Whether reinventing a show or faithfully restoring it, revivals are integral to the theatregoing experience

Amy Griffiths and Tim Crouch in An Oak Tree
Amy Griffiths and Tim Crouch in An Oak Tree
© Greg Goodale
An Oak Tree is a rare thing: a decade-old production. I'd written about Tim Crouch's play as a student – it's a seminal piece of theatre, one that anticipates Rotozaza's theatre of instructions, headphone walkabouts and the stripped-back minimalism that's currently in vogue – but until last week I'd never seen it.
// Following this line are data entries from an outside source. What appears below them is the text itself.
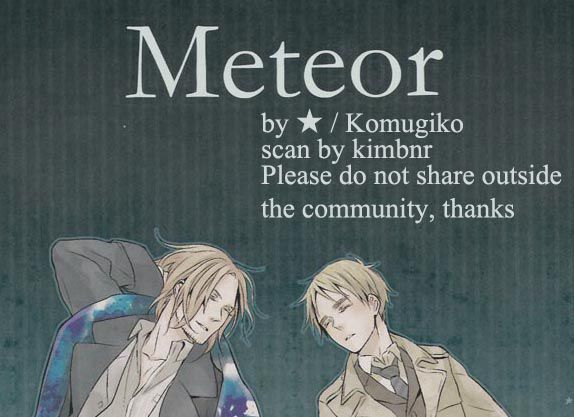 [★ (Komugiko)] Hetalia dj – Meteor [Eng] — 001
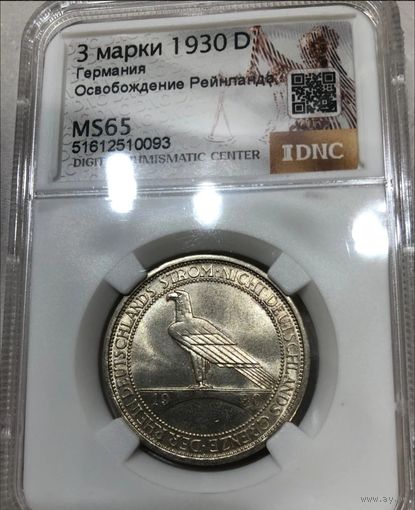 3 марки 1930 D - Орёл на мосту. MS 65. Двор реже!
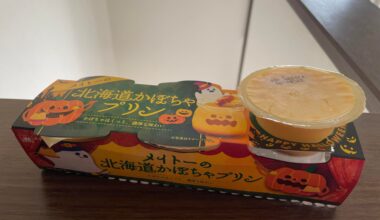 Hokkaido Pumpkin Purin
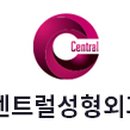 센트럴성형외과 이미지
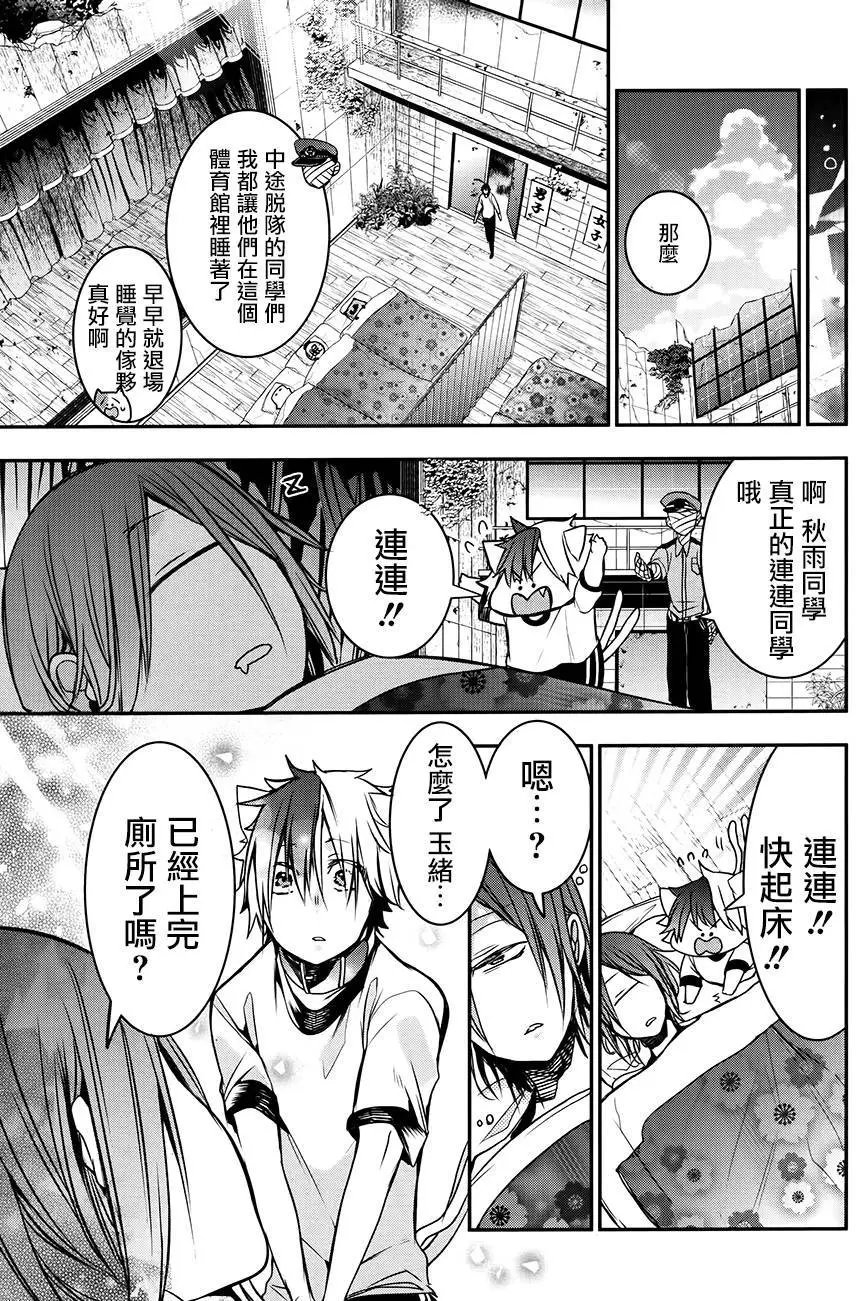 第30回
Though I knew of its form, its guest performer and its theatrical trickery, and what all that meant for theatre, I had no idea about its feeling or what it was like to watch it. An Oak Tree, for me, was a chapter in a textbook or a notch in theatre history. I didn't realise how well the play caught grief or the sadness I'd feel sitting alongside its daughterless father. Nor had I clocked how funny it could be, how silly and serious at the same time. All that came as a surprise.

Theatre's emphemerality is one of the very best things about the artform. I think we watch it differently as a result, knowing that we've got one shot and so trying, somehow, to hold on to a show as it disappears. Half an hour into London Road, having just worked out what I was watching and how to watch it, I remember wishing that I could go back to the start. Too late. It's gone.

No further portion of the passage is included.